Push might mean challenging the tired or disengaged participant to hang in there, or try again. Most often though, push is about content coming at the participant. Push can mean talking, presenting or showing something whether or not the other person is ready to receive the information. PowerPoint presentations are usually push, sometimes 100% push. And we know in most work processes, push most likely leads to waste. Lots of wasted time, and often some waiting, rework or duplication of efforts. Have you ever attended a presentation where you learned nothing new? Push will do that. I tell people that if they can do a presentation in the same way, and within the same time, whether or not there is an audience in the room, they’ve got push. If talking and telling are your only instructional strategies, you are going to be frustrated because you won’t be successful. People will be bored. You need to balance a little necessary push with some pull strategies.

Pull takes a little practice. You have to pay attention to people to get it right.

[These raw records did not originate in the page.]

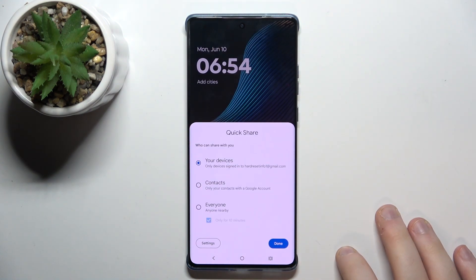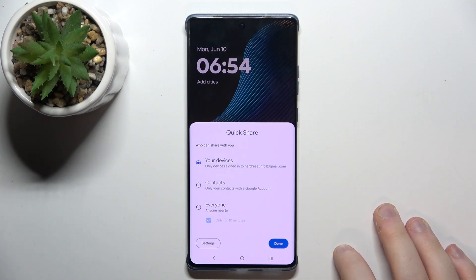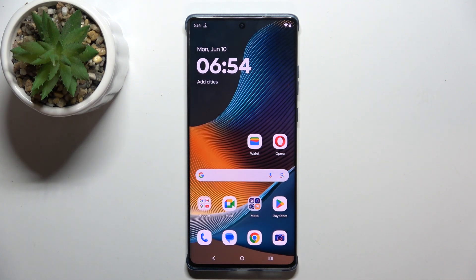Then click continue, and here you have to choose who you want to share your files with, and click done. And now your QuickShare should be enabled.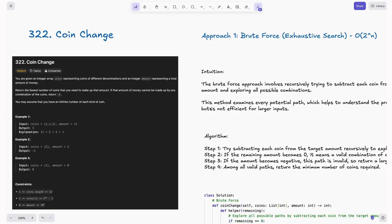Welcome back to HackCord. In this video, we will walk through an important problem for coding interviews: Coin Change from LeetCode. This problem revolves around finding the minimum number of coins needed to make up a certain amount using the given set of coin denominations. This problem is crucial for developing dynamic programming skills, which are key to solving optimization-based challenges.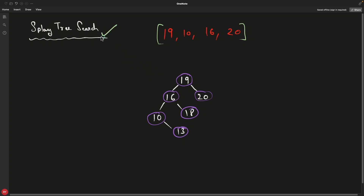This video is the third part of the splay tree series. In the first part we saw the basic use case and what splay trees are all about. In the second part we saw how to insert elements in the tree. Now this part will cover how to search data in the splay tree, because although it is a binary search tree, it requires some extra steps after each and every operation like insertion, deletion, and searching.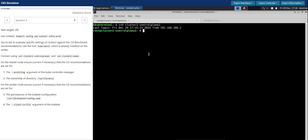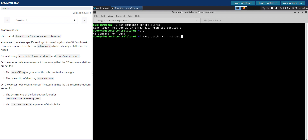The question already states that kube-bench is already installed on this machine. This is about the CIS benchmark and we need to use the kube-bench tool to get the current state of the cluster's control plane node. Let's test that by running kube-bench. Now we are on the master node, so we will run only the master node-specific checks.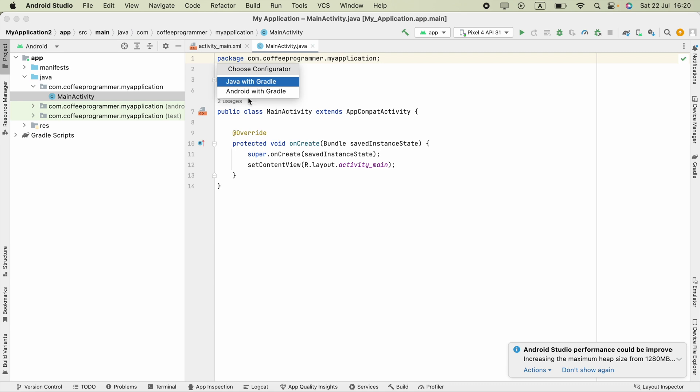Now if you select Java with Gradle, you will face issues in your project. You might be able to fix that, but I recommend you to use the Android with Gradle option. Before doing this, make sure you have a backup of your project.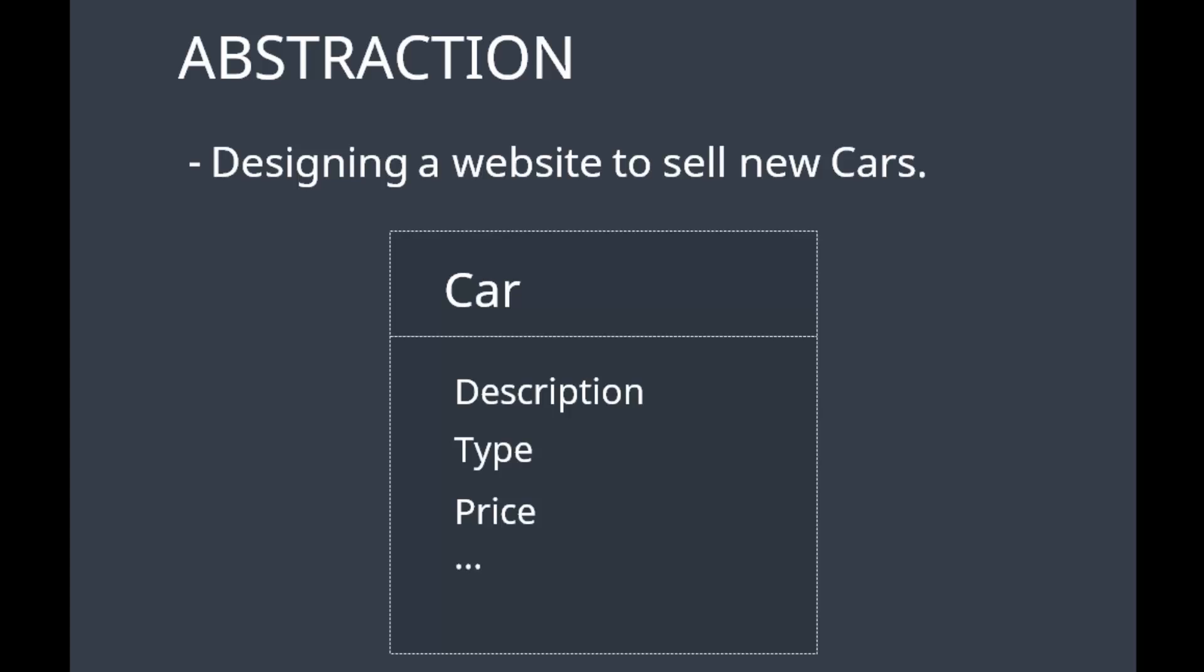In the current scope, you are selling a new car. Do I need to add the service history of the car as a field? No, I don't need that. I am just selling a new car, and having the service history as a field is the property of the used car, so I do not include that.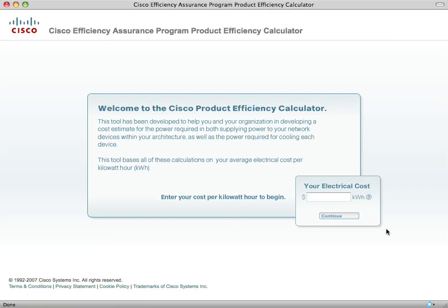Welcome to the beta version of the Product Efficiency Calculator as part of the Cisco Efficiency Assurance Program. We've put this together as an analytic tool to help you quantify and hopefully improve the electrical efficiency of Cisco products and networks. This tool will also be integral in helping you build the business case for more sustainable IT operations, as we include the cost per kilowatt hour and CO2 that result from basic electrical consumption. So let's get started.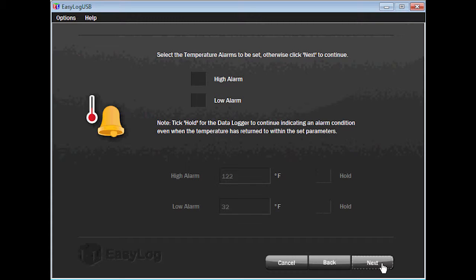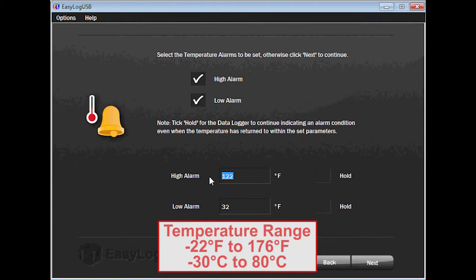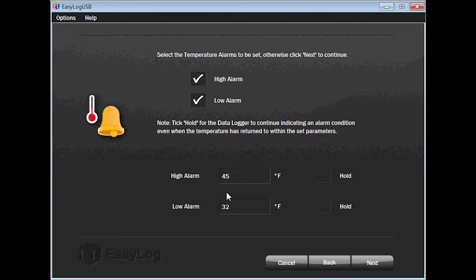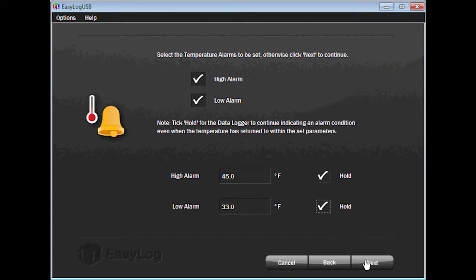Select the temperature alarms you would like to set — either high, low, both, or none. I will record both. Now type in the values for the temperature alarms. The temperature range is negative 22 degrees Fahrenheit to 176 degrees Fahrenheit, or negative 30 degrees Celsius to 80 degrees Celsius. I will make the high alarm 45 degrees Fahrenheit and the low 33 degrees Fahrenheit. Now that alarm values are set, you can choose to check the hold box if you wish the data logger to report there was an alarm condition even after the temperature has returned to the set parameters. Click on Next to continue.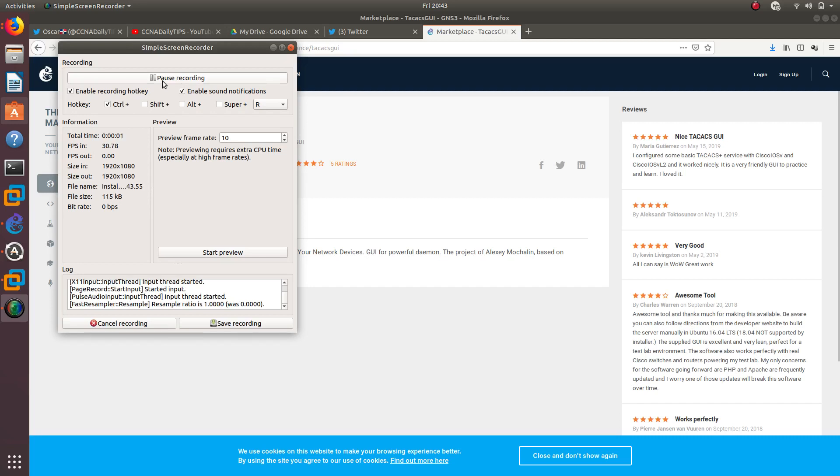Hello guys, welcome to a new video. In this video we are going to install a TACACS server in GNS3 so we can then configure AAA and TACACS using GNS3.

How do you pull a comment or an idea from a quiet participant? It depends. Is he quiet by nature, insecure about speaking up, or a little lost? A person of few words will usually respond to your question if you wait. How tempting to fill a silence with your own comment, or explanation. Don’t. Work the pause. Count in your head, to ten or twenty or thirty. Breathe and wait as the taciturn participant takes a turn to speak.

Now an insecure participant needs to feel safe in order to speak. Is it ok to not know the answer in conversation with you? Are you the sort of facilitator who says there are no stupid questions and then humiliates a team member who asks something you think they should already know? That strategy is probably sending them farther into their shell. Back up and ask a shy or insecure team member something you are sure they know. Watch your tone of voice. No sarcasm allowed. Then step him or her through to the edge of the learning zone, that place where their understanding drifts off course. That is how you will see where to start your intentional instruction.

 

become-a-better-coach-teacher-or-facillitator2

 

What about the lost? If you suspect team members are lost in your session plan, reach out and help them get on track, don’t embarrass them with questions. Go back to your plan and show where you are now, repeat or summarize key points to get to where you thought everyone was. Time for a bit of push; lost team members can’t easily be pulled back on track although a question like might do it. “Where did I lose you?” Or “How can we get back to together on this, can you show me, or tell us the last bit that made sense?” Maintain respect for the lost, and you will retain the trust of the whole team.